Apart from the main market themes, various projects appear to be benefiting from their own unique adoption trends, either due to innovative technology or integration with platforms that provide room for user growth. Two notable examples are Toncoin and Pendle. The TON blockchain is a smart contract platform tied to the Telegram messaging platform that has seen significant growth in users, transactions, and fee revenue. Pendle Finance is a relatively new DeFi protocol that allows users to customize the yield profile of their strategies. While not a new trend, we also believe that the Solana network is seeing organic growth in adoption due to a compelling user experience.
Finally, the crypto market will likely continue to differentiate between tokens with relatively low and relatively high supply inflation. While Bitcoin has the largest total supply and a fairly low annual inflation rate, many tokens in our crypto space do not have this structure. In fact, in many cases, tokens have a relatively low circulating supply and relatively large monthly or annual supply inflation (“unlocked”). In these cases, even if a project is experiencing user adoption and revenue growth, supply growth may dilute returns for existing token holders. Examples include well-known Ethereum Layer 2 networks such as Arbitrum and Optimism, which have relatively low returns despite user adoption of their native tokens, likely due to high growth in circulating supply.
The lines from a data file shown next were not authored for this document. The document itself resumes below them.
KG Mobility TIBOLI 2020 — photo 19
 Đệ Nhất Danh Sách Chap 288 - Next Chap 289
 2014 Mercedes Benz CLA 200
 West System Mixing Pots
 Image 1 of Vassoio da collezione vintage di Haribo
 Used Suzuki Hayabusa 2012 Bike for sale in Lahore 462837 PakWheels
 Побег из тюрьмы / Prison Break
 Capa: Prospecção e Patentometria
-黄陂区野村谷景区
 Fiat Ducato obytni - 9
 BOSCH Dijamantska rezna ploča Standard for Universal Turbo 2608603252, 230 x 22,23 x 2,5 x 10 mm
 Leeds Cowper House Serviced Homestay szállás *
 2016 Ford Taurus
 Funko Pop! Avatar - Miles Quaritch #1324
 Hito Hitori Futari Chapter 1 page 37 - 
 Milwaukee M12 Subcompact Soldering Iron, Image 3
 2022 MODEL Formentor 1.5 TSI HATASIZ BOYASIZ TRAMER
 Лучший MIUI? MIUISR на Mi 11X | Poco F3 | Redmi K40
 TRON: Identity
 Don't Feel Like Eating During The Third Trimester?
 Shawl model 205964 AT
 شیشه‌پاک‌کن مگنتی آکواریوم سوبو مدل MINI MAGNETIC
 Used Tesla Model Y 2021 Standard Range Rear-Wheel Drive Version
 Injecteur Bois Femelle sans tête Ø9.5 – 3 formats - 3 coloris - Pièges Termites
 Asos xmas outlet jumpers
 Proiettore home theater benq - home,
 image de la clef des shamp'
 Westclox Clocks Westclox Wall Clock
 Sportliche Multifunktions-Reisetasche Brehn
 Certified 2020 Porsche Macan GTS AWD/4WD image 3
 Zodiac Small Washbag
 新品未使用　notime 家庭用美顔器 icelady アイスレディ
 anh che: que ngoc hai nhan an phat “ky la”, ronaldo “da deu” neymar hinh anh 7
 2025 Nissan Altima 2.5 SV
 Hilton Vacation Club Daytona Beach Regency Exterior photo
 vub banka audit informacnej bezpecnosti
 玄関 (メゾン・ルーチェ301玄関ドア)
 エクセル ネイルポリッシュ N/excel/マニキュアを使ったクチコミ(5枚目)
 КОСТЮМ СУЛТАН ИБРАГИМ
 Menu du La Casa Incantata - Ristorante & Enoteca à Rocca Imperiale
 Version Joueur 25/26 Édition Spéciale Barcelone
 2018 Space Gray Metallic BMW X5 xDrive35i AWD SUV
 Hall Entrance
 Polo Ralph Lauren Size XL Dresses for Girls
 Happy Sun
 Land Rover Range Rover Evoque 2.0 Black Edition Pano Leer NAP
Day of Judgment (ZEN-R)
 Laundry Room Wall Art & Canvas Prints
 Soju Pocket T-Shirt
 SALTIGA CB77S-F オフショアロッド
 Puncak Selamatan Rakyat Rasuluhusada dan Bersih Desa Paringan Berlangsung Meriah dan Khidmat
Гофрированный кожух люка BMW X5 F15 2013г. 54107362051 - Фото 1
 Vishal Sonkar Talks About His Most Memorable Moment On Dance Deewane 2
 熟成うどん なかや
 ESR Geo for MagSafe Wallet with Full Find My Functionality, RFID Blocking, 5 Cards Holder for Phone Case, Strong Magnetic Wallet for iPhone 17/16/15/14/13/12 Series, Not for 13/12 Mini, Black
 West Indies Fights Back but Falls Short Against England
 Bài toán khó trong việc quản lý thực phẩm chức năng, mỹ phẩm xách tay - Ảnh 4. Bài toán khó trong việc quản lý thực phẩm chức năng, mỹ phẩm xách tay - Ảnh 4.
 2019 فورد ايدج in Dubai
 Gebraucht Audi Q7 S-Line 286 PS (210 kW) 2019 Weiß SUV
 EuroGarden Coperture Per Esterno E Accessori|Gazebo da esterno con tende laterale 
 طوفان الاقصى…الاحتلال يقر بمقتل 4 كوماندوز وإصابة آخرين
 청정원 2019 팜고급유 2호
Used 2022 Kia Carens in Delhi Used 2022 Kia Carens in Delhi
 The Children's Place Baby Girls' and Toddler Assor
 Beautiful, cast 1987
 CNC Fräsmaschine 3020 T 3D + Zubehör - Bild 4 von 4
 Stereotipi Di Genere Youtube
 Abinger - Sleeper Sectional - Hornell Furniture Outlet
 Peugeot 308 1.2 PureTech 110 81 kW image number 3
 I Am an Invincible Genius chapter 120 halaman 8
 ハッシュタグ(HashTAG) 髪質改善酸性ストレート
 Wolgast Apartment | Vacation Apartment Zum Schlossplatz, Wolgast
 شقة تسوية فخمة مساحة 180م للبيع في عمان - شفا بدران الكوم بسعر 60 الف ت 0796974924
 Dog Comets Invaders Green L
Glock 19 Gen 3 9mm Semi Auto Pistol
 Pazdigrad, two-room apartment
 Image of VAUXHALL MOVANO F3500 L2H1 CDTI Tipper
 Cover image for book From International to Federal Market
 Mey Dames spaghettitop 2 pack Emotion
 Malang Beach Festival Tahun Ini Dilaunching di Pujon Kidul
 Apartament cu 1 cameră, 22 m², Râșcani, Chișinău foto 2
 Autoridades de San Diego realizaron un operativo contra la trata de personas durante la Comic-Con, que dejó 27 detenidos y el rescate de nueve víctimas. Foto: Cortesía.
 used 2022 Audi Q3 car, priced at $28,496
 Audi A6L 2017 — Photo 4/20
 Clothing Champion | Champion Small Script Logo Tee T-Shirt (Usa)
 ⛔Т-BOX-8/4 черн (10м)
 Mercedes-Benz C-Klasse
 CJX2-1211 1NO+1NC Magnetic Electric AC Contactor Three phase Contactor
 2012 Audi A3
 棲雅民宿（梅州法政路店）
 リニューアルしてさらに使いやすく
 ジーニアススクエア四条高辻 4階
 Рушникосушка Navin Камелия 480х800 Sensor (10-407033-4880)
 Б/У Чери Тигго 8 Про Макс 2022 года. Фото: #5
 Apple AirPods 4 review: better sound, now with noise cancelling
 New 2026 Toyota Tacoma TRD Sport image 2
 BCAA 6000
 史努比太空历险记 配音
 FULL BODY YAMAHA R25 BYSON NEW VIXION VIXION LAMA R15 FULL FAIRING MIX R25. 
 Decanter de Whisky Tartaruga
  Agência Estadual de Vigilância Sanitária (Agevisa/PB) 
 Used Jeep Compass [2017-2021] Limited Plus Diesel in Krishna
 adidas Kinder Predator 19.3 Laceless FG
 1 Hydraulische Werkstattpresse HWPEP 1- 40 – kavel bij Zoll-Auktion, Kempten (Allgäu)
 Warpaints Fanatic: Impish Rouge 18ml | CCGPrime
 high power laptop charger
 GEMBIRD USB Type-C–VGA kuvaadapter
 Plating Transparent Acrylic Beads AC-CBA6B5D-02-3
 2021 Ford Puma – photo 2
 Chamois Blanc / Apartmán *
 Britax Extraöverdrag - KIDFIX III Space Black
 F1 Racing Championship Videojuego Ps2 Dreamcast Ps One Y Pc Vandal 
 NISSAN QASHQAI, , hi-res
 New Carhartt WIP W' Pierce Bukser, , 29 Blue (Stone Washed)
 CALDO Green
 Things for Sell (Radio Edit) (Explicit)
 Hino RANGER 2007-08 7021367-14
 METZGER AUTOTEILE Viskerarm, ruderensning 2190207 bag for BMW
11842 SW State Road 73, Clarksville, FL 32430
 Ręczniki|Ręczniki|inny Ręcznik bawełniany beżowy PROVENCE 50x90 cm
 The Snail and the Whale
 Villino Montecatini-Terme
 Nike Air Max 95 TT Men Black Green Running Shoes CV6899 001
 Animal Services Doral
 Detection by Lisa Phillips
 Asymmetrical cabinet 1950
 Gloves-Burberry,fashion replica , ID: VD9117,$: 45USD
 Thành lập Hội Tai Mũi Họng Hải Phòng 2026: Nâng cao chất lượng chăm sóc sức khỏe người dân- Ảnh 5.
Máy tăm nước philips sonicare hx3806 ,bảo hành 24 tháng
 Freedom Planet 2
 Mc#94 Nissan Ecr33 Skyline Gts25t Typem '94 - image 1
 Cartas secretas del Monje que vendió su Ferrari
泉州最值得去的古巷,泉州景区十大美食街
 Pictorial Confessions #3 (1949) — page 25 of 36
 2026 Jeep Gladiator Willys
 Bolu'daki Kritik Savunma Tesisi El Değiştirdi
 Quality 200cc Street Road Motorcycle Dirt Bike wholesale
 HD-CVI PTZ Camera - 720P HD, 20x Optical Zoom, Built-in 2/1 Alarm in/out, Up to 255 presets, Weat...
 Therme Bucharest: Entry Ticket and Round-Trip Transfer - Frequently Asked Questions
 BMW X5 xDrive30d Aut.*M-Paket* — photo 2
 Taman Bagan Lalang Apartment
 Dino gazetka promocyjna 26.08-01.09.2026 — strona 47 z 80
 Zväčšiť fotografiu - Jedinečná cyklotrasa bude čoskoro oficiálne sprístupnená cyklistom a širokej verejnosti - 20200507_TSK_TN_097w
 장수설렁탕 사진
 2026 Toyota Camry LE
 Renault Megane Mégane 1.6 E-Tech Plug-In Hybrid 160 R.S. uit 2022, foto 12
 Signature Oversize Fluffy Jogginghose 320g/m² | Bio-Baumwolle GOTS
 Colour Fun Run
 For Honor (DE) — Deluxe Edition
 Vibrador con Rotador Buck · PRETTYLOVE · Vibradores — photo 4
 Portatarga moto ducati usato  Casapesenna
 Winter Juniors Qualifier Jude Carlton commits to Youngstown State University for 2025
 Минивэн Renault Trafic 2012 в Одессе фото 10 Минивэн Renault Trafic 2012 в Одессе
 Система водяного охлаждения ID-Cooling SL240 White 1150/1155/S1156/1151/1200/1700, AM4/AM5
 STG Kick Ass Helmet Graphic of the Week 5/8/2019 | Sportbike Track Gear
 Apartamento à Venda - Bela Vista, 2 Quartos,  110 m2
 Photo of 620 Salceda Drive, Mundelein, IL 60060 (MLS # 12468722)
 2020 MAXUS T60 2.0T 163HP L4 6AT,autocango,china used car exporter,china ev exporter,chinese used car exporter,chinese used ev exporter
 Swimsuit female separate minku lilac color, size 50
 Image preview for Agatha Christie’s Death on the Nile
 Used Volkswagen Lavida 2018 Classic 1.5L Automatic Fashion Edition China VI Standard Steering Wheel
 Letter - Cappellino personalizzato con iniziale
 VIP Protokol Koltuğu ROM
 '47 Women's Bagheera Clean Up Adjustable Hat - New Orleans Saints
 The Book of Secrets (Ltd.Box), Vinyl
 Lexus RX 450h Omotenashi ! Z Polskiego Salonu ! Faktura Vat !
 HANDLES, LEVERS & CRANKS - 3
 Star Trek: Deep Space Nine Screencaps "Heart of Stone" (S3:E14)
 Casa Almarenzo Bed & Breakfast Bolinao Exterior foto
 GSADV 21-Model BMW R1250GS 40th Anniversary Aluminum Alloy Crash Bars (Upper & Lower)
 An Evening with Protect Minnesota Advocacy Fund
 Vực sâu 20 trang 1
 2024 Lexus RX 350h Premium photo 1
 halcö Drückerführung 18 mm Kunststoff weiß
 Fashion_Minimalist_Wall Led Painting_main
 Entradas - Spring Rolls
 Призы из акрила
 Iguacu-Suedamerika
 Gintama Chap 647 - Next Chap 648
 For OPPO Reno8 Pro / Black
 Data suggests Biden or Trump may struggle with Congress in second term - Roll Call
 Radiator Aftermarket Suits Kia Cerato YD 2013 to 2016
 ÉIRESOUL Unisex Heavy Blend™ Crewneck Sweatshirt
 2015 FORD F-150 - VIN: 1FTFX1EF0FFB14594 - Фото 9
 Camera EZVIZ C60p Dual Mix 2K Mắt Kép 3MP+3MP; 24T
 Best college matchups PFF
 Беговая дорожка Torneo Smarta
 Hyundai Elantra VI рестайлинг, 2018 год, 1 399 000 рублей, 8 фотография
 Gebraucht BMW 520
Introduction to Grayscale Research Top 20
In order to highlight high-potential tokens in specific cryptocurrency industries, we have launched the Grayscale Research Top 20 Tokens (Exhibit 6). We believe that the top 20 assets represent a diverse range of assets in the crypto industry that have high potential to grow in the coming quarter due to (i) direct catalysts or trending themes, (ii) favorable specific protocol adoption trends, and (iii) low or moderate token supply inflation. These assets were selected to represent the near-term market outlook and therefore may exclude higher market capitalization assets without immediate catalysts or sustained improvement in fundamentals. We intend to update the Grayscale Research Top 20 list on a quarterly basis. Some of the listed assets have high volatility (as shown in the far right column of Exhibit 6) and should be considered high-risk assets.
Exhibit 6: High Potential Assets in Q3 2024

References
[1] The FTSE Grayscale Crypto Sector Index Series underwent its scheduled quarterly rebalance on June 21.
[2] Grayscale Research believes that crypto tokens that may be related to AI technology are listed in alphabetical order as AGIX, AKT, AR, FET, FIL, GLM, LPT, NEAR, OCEAN, PRIME, RNDR, RSS3, TFUEL, THETA, TRAC and WLD.
[3] Source: CoinTelegraph.
[4] Source: Near and Crunchbase.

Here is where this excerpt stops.